宴席の場で
こういう時、ベンカジのような立場の人間は個室を利用するものだ。そして、『モンヴェール』には、ベンカジの希望を満たす個室もちゃんとある。
そこは個室というよりかは大部屋だ。シンプルでありながらシックで落ち着いた空間は、センスの良さしか感じない。さすがですね。
この部屋には、小さいながらもステージがある。このステージで踊るのは、3人の楽団を引き連れた踊りおばさん…じゃなくて踊り子のカロリーナさんである。
よく言えば煌びやかな衣装、悪く言えば露出度の高い派手な衣装を身にまとったカロリーナさんが、セクシーな踊りを披露する。流れるようなメロディーに合わせて腰を細かく動かす踊りは、ベリーダンスのようだ。その露出度の高い派手な衣装が、躍りに華やかさを演出しているね。
みんながやんややんやの喝采を上げる中、リセクの表情は引きつっている。その気持ちは分からんでもない。職業に貴賤はないが、それはそれ、これはこれなのだ。
踊り終わったカロリーナさんには、惜しみない拍手が送られる。この場にはいない俺達も、コテージで拍手をしていた。それほどにカロリーナさんの踊りは素晴らしかったのだ。
「いやいやいや…さすがはカロリーナさんだ。躍らせたらパルシファルで一番じゃないのかい?」
ベンカジからカロリーナさんへ、最大級の賛辞が送られる。
「そんな…私はもう踊り子から半ば引退している身ですから」
こういう場合の常として、カロリーナさんは謙遜した。
「お前もそう思うだろう?」
ベンカジに話を振られ、リセクは硬い表情で頷いた。何というか…雰囲気が悪いですね。
「ああ…さあさあ、みんなのおもてなしを頼むよ」
ややもすると重い空気になりかけていたが、それを振り払うようにベンカジが接待を促した。『モンヴェール』の方々が接待を始める中、カロリーナさんはベンカジの隣にひざまずいた。
「旦那…リセクを今後とも、どうかよろしくお願いいたします」
リセクの硬い表情から何かを察したのだろうか…こちらの女の勘も鋭いな。
「ああ、任せておきなさい」
ベンカジは力強く請け負った。
「今、リセクには大事な仕事をやらせておりますから」
ちらりとリセクを見ながら、ベンカジは言い放った。
「はい…」
平静を装っている風ではあるが、リセクの顔は強張っている。
それでもベンカジの手前、あまり変な態度を取る訳にもいかない。リセクは他のヤツらと同じように酒を飲み、美味しそうな料理の数々に舌鼓を打った。そんなリセクを、カロリーナさんは心配げに見ている。
見ていると言えば、俺達もだ…もちろん、誰にも気付かれていないけどな。
「随分と無理をしているわね」
アマユキが苦笑しながらリセクを評した。まったくだ。
「ベンカジの策は失敗でしね」
ティアリスの言い分は分からんではないが、明らかに説明不足である。ユリーシャは小首を傾げてるよ。

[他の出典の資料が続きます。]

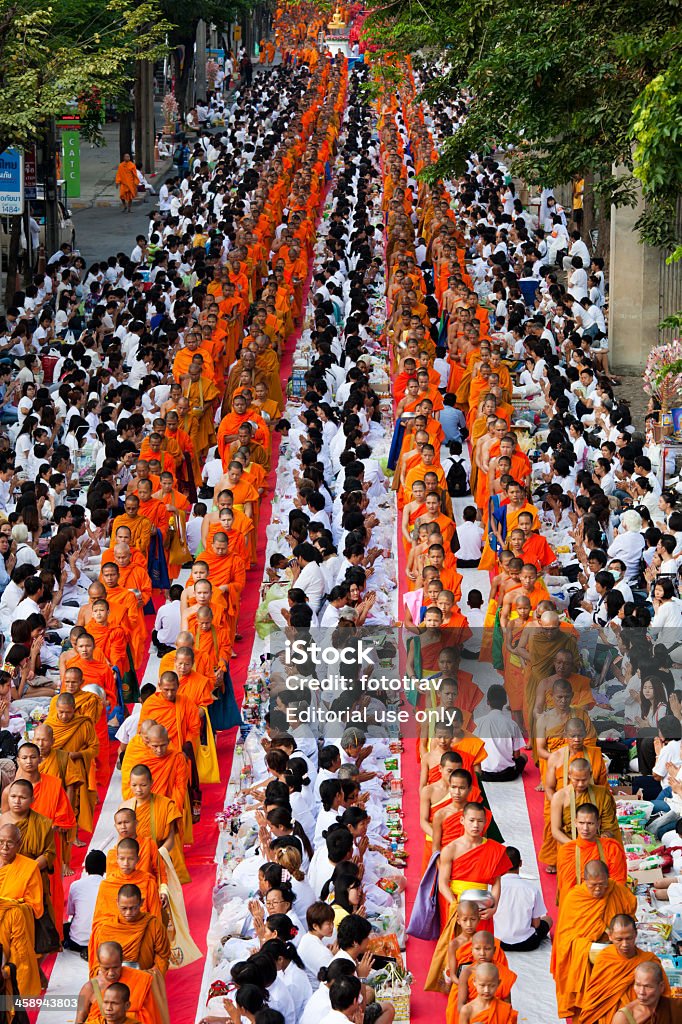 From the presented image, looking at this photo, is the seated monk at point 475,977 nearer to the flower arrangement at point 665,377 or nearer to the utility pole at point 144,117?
the flower arrangement at point 665,377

「おそらくベンカジはリセクを懐柔するつもりだったんだろう。だが、それは失敗に終わったってことだな…」
これで納得できたようで、ユリーシャはこくこくと頷いた。
「でも、改めて脅すことはできましたよ~」
「そうだな…」
この場でわざわざ大事な仕事をやらせてる…なんて言ったのはそのためだろう。ほんわかしてても、ちゃんと見ているね。
「ですが…リセクの様子がおかしいというのがカロリーナさんにも伝わったのではないでしょうか…」
少し自信なさげではあるが、ユリーシャの言う通りだ。
「総合的に見ると、やはり失敗だな」
最後はカレンがきっちりとまとめてくれた。ありがとうございます。
俺達はリセクのことをよく知っている訳ではない。でも、見れば分かる…アイツは根っからの悪党じゃあない。リセクは今、良心の呵責に苛まれているのだろう。
だが、それは誰にも言えないことだ。それでも誰かに…もっと言えば身近な人に、気付いてほしかったのではないか…。だから、サビ残なんかしたんだ。だから、宴席の雰囲気を悪くするような真似をしたんだ。
それは計算してやっている訳ではないはずだ。それでもサーニャもカロリーナさんも気付いてしまった。気付いたからには必ず行動に移す。この綻びが膠着した事態を動かすかもしれないな…無理して楽しんでいるリセクを見ながら、俺はある種の手応えを感じていた。